Für sie spielt das Geld vielleicht noch nicht die Hauptrolle.

"Ja, noch nicht die wichtigste Rolle. Das mag auch ein Aspekt sein. Insofern ist zu hoffen, dass diese Jazzszene wirklich bekannter wird. Es geht auch darum, dass sie zur Kenntnis genommen wird."

Die Konkurrenz in Mitteleuropa und in Europa überhaupt ist aber groß.

"Die ist sogar riesig. Abgesehen von den Amerikanern sowieso!"

Meine letzte Frage will ich an Sie persönlich richten. Was haben Sie jetzt vor? Sie haben gemeinsam mit ihrer Frau als Koautorin ein repräsentatives Buch über tschechische JazzmusikerInnen das Licht der Welt erblicken lassen. Wird ihm etwas Neues folgen?

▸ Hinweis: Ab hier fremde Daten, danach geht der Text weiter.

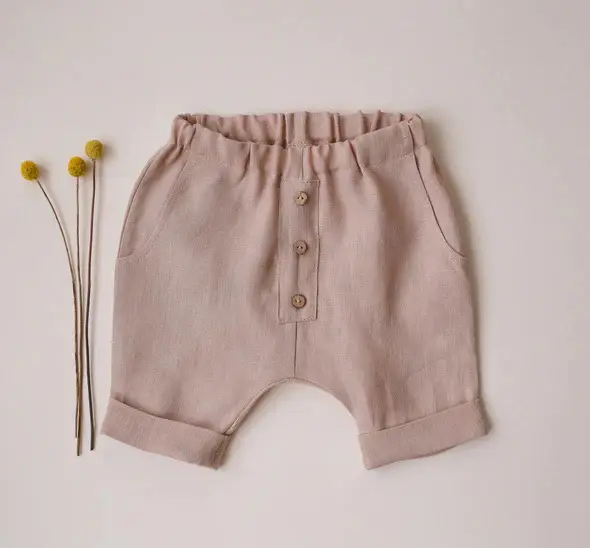 Boys Hemp Cotton Shorts Solid Green Button Front - Image 5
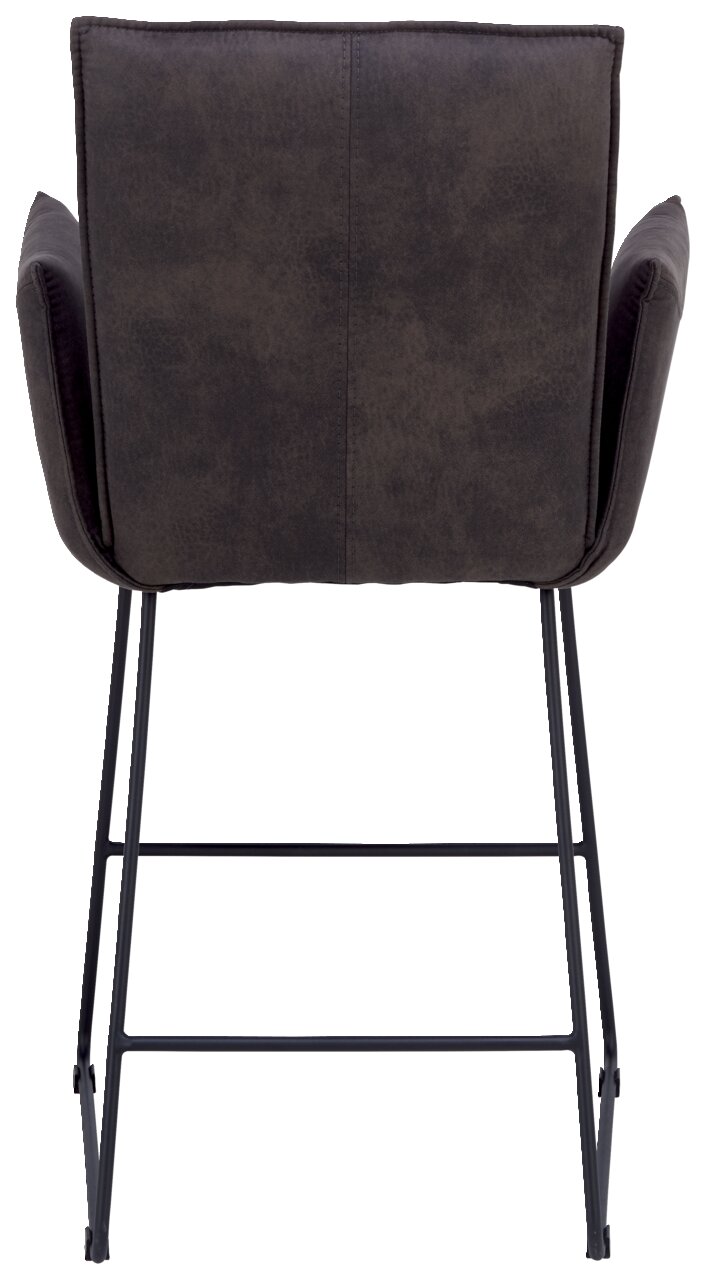 Rückansicht eines Barsessels mit dunklem Stoffbezug und schwarzem Metallgestell.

Ich möchte in diesem Zusammenhang noch schnell etwas loswerden, was wichtig ist. Es ist ein schönes, großes, aufwendig gestaltetes Buch und ohne die wirklich großzügige Hilfe des Verlegers, Herrn Salferner, hätten wir es gar nicht herausgeben können. Was die Zukunft anbelangt, möchte ich mich jetzt nicht festlegen. Ich habe ein paar Ideen, mein Leben ist aber nicht nur Jazz. Wahrscheinlich wird es dennoch etwas aus diesem Bereich. Dann mehr in Richtung von Essays, ein bisschen über die Szene und die aktuelle Entwicklung hier in Prag."

Lassen wir uns also überraschen. Ganz zum Schluss doch noch eine Frage: Wo können sich die Jazzfans unter unseren Hörern ihr Buch kaufen oder bestellen?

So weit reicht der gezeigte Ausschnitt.